De haber existido la naturaleza humana de Jesús independientemente de Su naturaleza divina, se habría parecido a Adán y Eva en el momento en que fueron creados, en el sentido de que habría estado libre de pecado, pero en teoría habría tenido la capacidad de pecar. No obstante, la naturaleza humana de Jesús nunca existió separada de Su naturaleza divina, puesto que las dos coexistían en una misma Persona. Un acto pecaminoso habría sido una acción moral y por ende es dable decir que habría comprometido a toda la persona de Cristo, tanto Su faceta divina como Su faceta humana. De haber ocurrido eso, la naturaleza divina de Jesús habría pecado, lo que implicaría que Dios habría pecado y que por tanto no es Dios. Sin embargo, eso no es posible, pues significaría que Dios estaría actuando en contra de Su propia naturaleza, lo cual Él no hace.
Por consiguiente, se aprecia que la unión de las naturalezas humana y divina de Jesús en una Persona impidió que pudiera pecar. En todo caso, no nos es posible saber exactamente cómo llegó a ser todo eso. Es uno de esos misterios del cristianismo, que se justifica por el hecho de que Jesús es el único Ser que haya estado jamás dotado de dos naturalezas: la de Dios y la del hombre. Por eso no es tan descabellado que nos resulte difícil, cuando no imposible, entender cómo operaron en Él esas cosas.

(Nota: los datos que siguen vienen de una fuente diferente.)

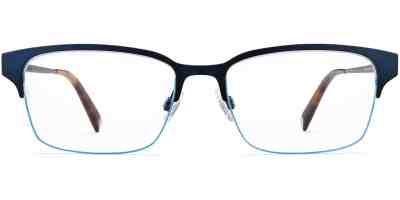 Front View Image of James Eyeglasses Collection, by Warby Parker Brand, in Brushed Navy Color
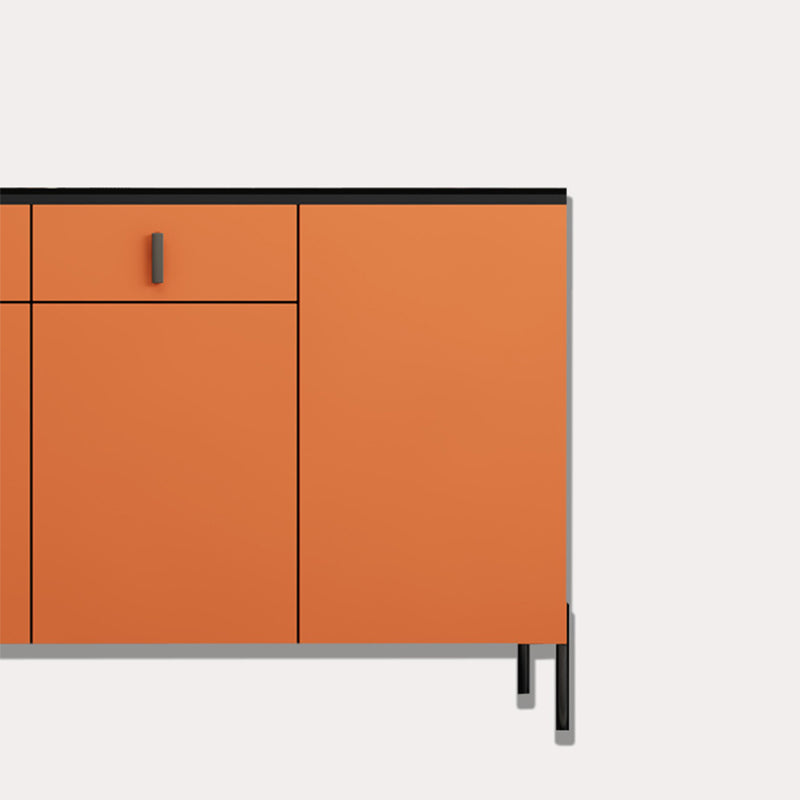 Stone Credenza Modern & Contemporary Server with Drawers and Cabinets Clearhalo 'buffet_sideboard' 'Buffets & Sideboards' 'furn' 'furn_buffet_sideboard' 'Furniture' 'Kitchen & Dining Furniture' 6827997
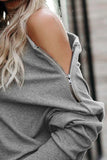Gray Cotton Knit Sweater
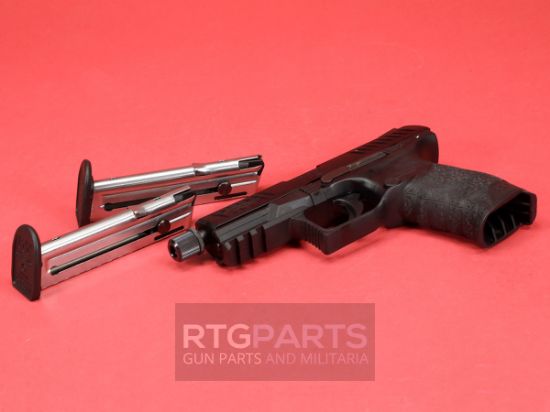 Walther, PPQ M2, Striker Fired, Semi-automatic, Polymer Frame Pistol, Full Size, 22LR, 4" Threaded Barrel, Black, Fixed Sights, 12 Rounds, 2 Magazines, 723364206993, FFL-WALTHER-5100301, RTG Parts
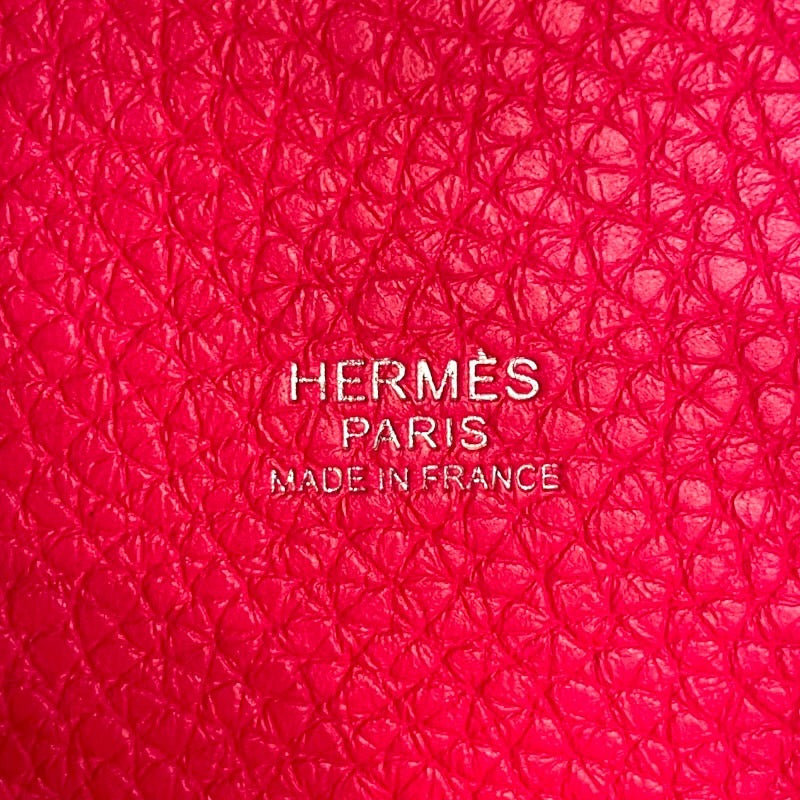 エルメス HERMES ピコタンロックPM　モノクローム U刻 ローズメキシコ　ピンク金具 トリヨンクレマンス ユニセックス ハンドバッグ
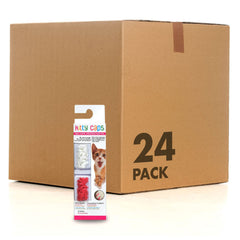 Kitty Caps coberturas de uñas para gato en blanco y coral, protegen muebles.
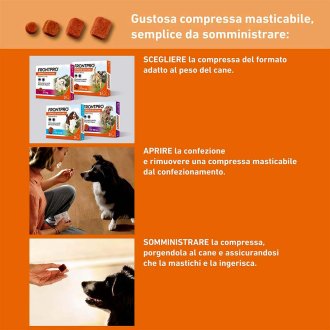 Frontpro x3 Compresse Masticabili, Antiparassitario Per Cani (2-4Kg) Contro Pulci E Zecche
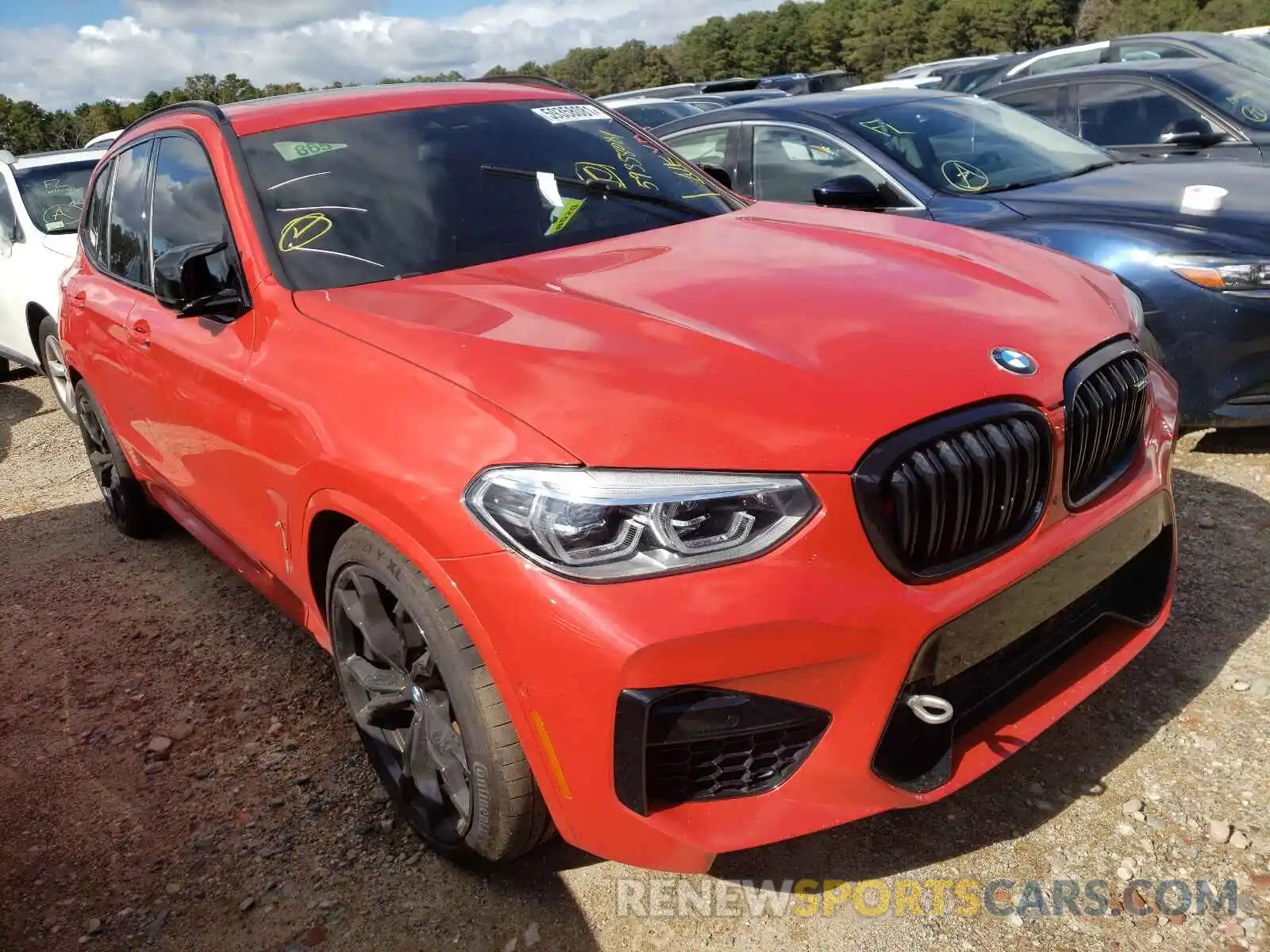 1 Photograph of a damaged car 5YMTS0C09L9B12096 BMW X3 2020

Fue tentado en todo del mismo modo que nosotros y, sin embargo, en todos los casos resistió la tentación, y por tanto no pecó. Tuvo que combatir toda tentación a fin de resistirse al pecado. La atracción de pecar que experimentó fue idéntica a la que sentimos nosotros. La diferencia estriba en que nunca cedió a la tentación y por eso no pecó.
Como Jesús no pecó, no era necesario que muriera por Sus propios pecados, y pudo más bien morir por los pecados de la humanidad. Cuando tomamos en consideración que Dios Hijo optó por rebajarse, revistiéndose de la naturaleza humana y de todo lo que entrañó adoptar la condición humana a fin de que cada uno de nosotros tuviese la oportunidad de obtener el perdón de sus pecados y vivir eternamente, no podemos menos que amarlo y agradecerle ese acto de abnegada entrega.

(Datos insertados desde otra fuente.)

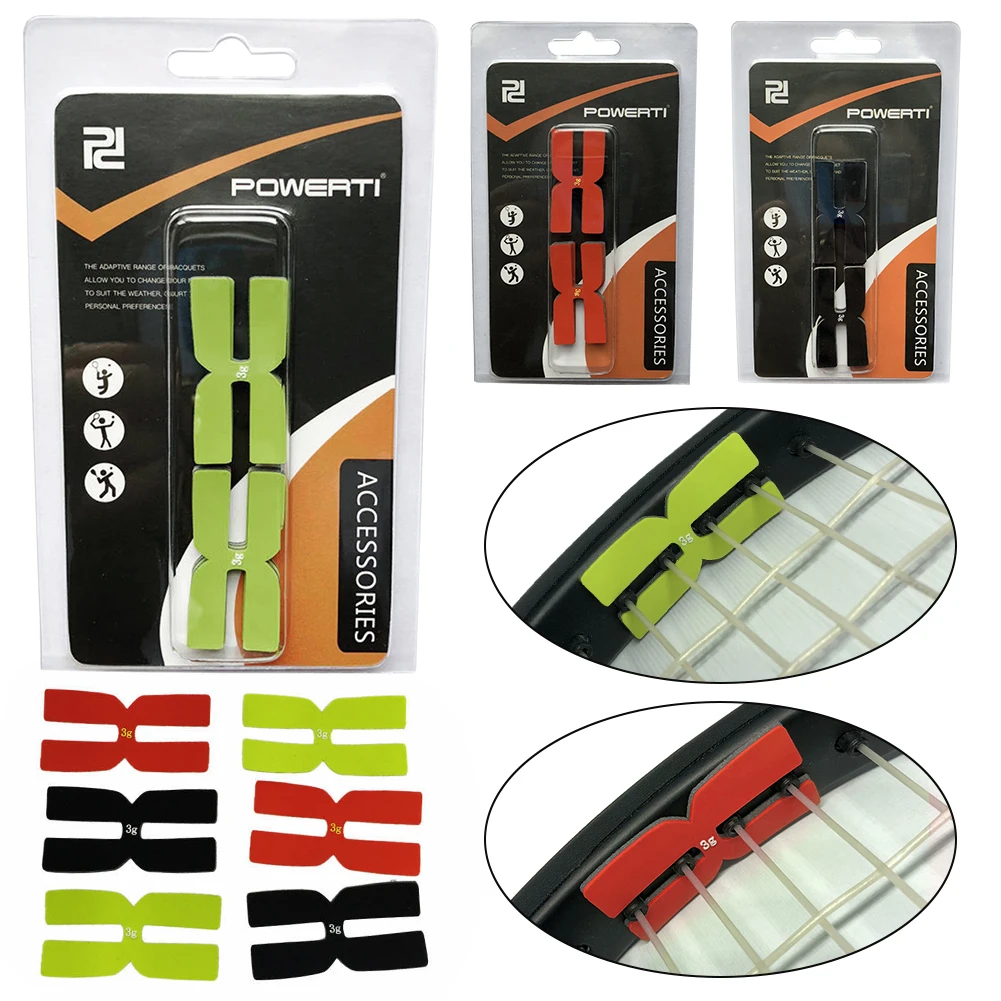 

6Pcs 3g Badminton Racquet Weighted Tapes Silicone Tennis Racquet Weight Balance Tapes H-Shaped for Tennis Badminton Accessories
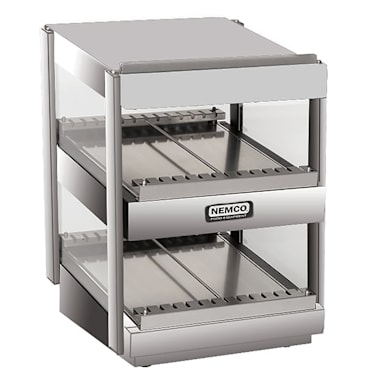 Nemco 6480-18 S/S 18" Horizontal Heated Shelf Merchandiser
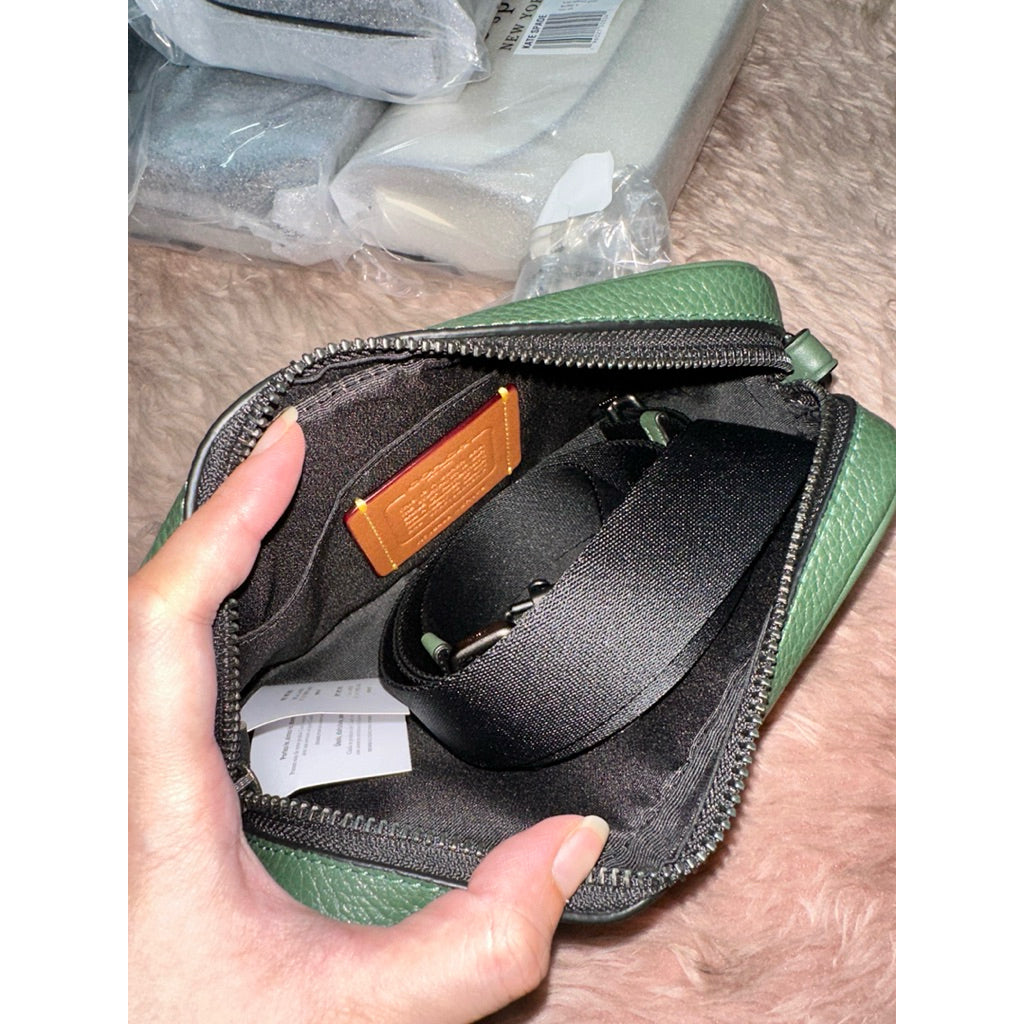 AUTHENTIC/ORIGINAL CCH Jayden Crossbody Men Small Bag Brown Green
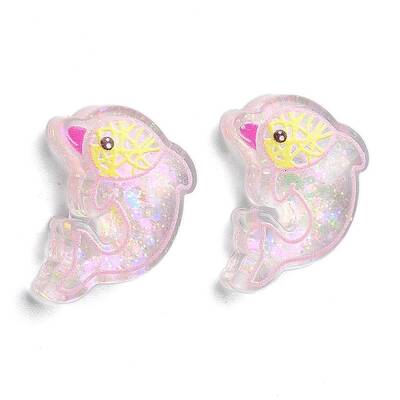 Transparent Epoxy Resin Decoden Cabochons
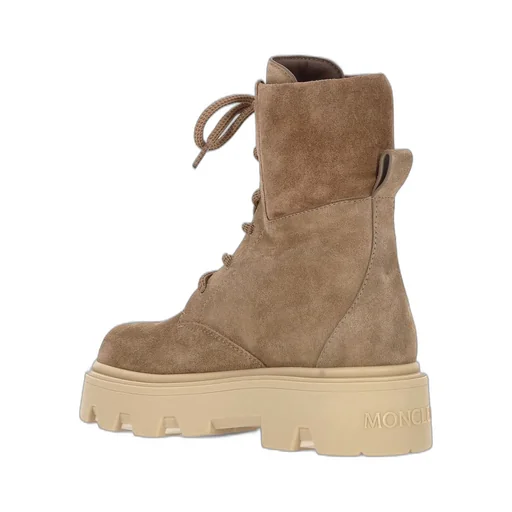 Moncler Logo Patch Lace-Up Boots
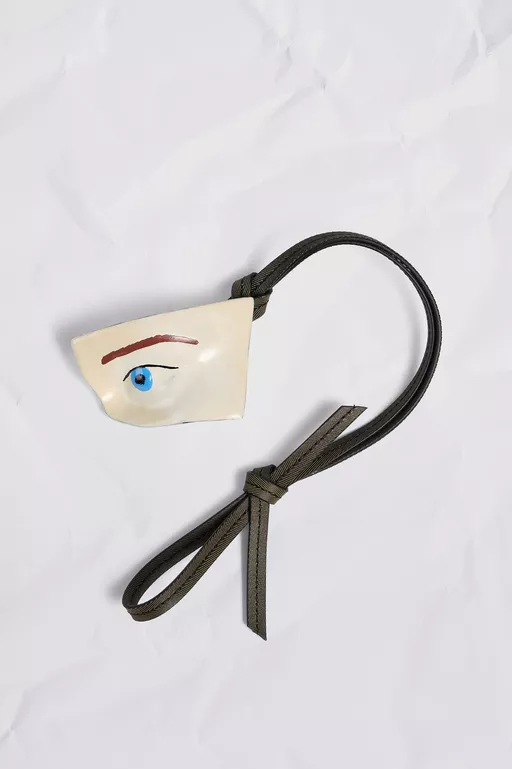 Ceramic Eye Charm - Small Leather Goods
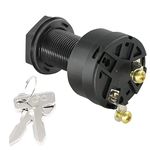 Golf Cart Starter Switch, Ignition Switch, for Club Car DS 101826201, 36 Or 48 Volts for Electric Golf Cart 1996-Up Ignition Key Switch (Black)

Artículo publicado por primera vez el 28 de junio de 2011. Texto adaptado y publicado de nuevo en marzo de 2019.
[1] 1 Corintios 15:21-22 (NVI).
[2] Lucas 24:39.
[3] Hebreos 2:14 (NVI).
[4] Juan 8:40 (N-C).
[5] Hechos 2:22 (NVI).
[6] Lucas 2:7.
[7] Lucas 2:40.
[8] Lucas 2:52.
[9] Hebreos 5:8.
[10] Mateo 4:2; Juan 4:6-7.
[11] Mateo 8:24.
[12] Mateo 9:36 (NVI).
[13] Juan 11:35.
[14] Mateo 8:10; Juan 11:33.
[15] Lucas 22:44; Juan 12:27.
[16] Juan 11:5.
[17] Mateo 13:53-58.
[18] Juan 7:5.
[19] 1 Pedro 2:22.
[20] V. Hebreos 4:15.
[21] Santiago 1:13.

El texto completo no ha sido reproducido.